Choque de identidade
– Vamos, rápido, anda, que moleza é essa?, acho que você não bate bem das bolas. Sujeito esquisito! Você não é homem, não? Caramba!, pensei que você fosse normal, enganei-me redondamente, você é quadrado, ultrapassado, é lerdo, repetitivo, não presta pra nada. E é você que tenho, e ter você significa que tenho que lhe aturar, carregar-lhe em meus ombros, ficar toda hora lhe dizendo que isso deve ou não deve ser feito; parece que quanto mais velho você fica, a burrice cresce. Vê se você se enxerga pelo menos uma vez na vida!, e não adianta vir para cima de mim com cara de pobre coitado, que não sou de ter dó de ninguém. O pior é que você não se não se enxerga, não se separa de mim, tem os mesmo olhos que os meus, fala pela minha boca, pensa pela minha cabeça, tem exatamente a mesma cara que a minha. Por que você não vai pra outro sítio, hein? Olha, cara, não vê que estou cansado de você, que já não suporto mais lhe ver a se queixar da sua gastrite, da sua diverticulite? Que culpa tenho eu de você estar mais magro que bacalhau em porta de venda? Quem mandou você não ter se cuidado? Desculpa de peidorreiro é barriga inchada, já dizia Jorge Luiz Borges e Padre Antonio Vieira. Pena que você não entende de nada disso, seu saber é de porta de botequim, e foi lá que você começou a estragar a sua vida. Agora, é tarde. Uma batida de limão aqui, outra ali, uma fritura a mais, outra além mais... Quando se é jovem o corpo aguenta, depois as coisas vão se acumulando até o dia em que aparecem os primeiros fios de cabelos brancos, os seus passos passam a não ter a mesma pegada de antes e então começam a aparecer as azias, a fraqueza vai lhe minando até chegar ao cérebro, e, aí, meu chapa, não tem choro nem vela, é aguentar quieto.

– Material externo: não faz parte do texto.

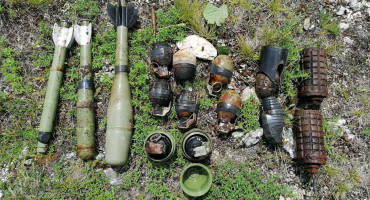 Iz više pećina na području Livna, Tomislavgrada i Kupresa izvučene velike količine oružja, bombi i mina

Eu disse "quieto". E não tem essa de levantar a cabeça, porque nem cabeça você tem mais, tem é cerebelo, seu cérebro já era.
– Mas, olha!
– Que olha que nada! Quieto! Falou e fez muita bobagem, não é?, agora, aguenta. Você acha que as pessoas estão se lixando para o que você sente? Vá nessa, ninguém está nem aí, e, mais a mais, todo mundo tem problemas. Eu mesmo estou até o pescoço atolado de problemas, e o maior deles é ter que lhe aturar 24 horas por dia. Já pensou no peso que eu carrego? Já pensou na merda de vida que eu levo? É, cara, você é um tremendo estorvo em minha vida. Pensei em milhares de saídas, mas como me separar de você, se você não me deixa em paz, você não se desgruda de mim um segundo. Eu cheguei ao cúmulo de pensar em pintar seus cabelos de cor de asa de graúna para disfarçar, mas de que me adiantaria se você tem a sina de usar até os meus cabelos? Bizarro. Já pensou? Pensou nada, você não pensa, eu é que penso, eu sou o pirata, você não passa de papagaio. Não sei o que seria de você se você não tivesse a mim. Claro, você já teria morrido atropelado, estaria debaixo da terra, seria um prato e tanto para as minhocas e para os vermes, se bem que lhe vendo assim cada vez mais magro, dá pra perceber claramente que nem para as minhocas e para os vermes você presta mais, está puro osso. Agora, aguenta, porque eu já não estou aguentando mais. E a droga de tudo isso é que não há saída, porque eu sou você e você, eu... não há como escapar... sou prisioneiro de mim mesmo, dividido ao meio e por inteiro, e esse meio e esse inteiro é todo feito de merda, merda inteira, inteira merda... merda! Que merda!
Mas me faça um carinho, você aí, você mesma, é, você que está me lendo agora, eu sei que você me ama ainda que com todo esse desprezo que sente por mim. Você desprezA-ME.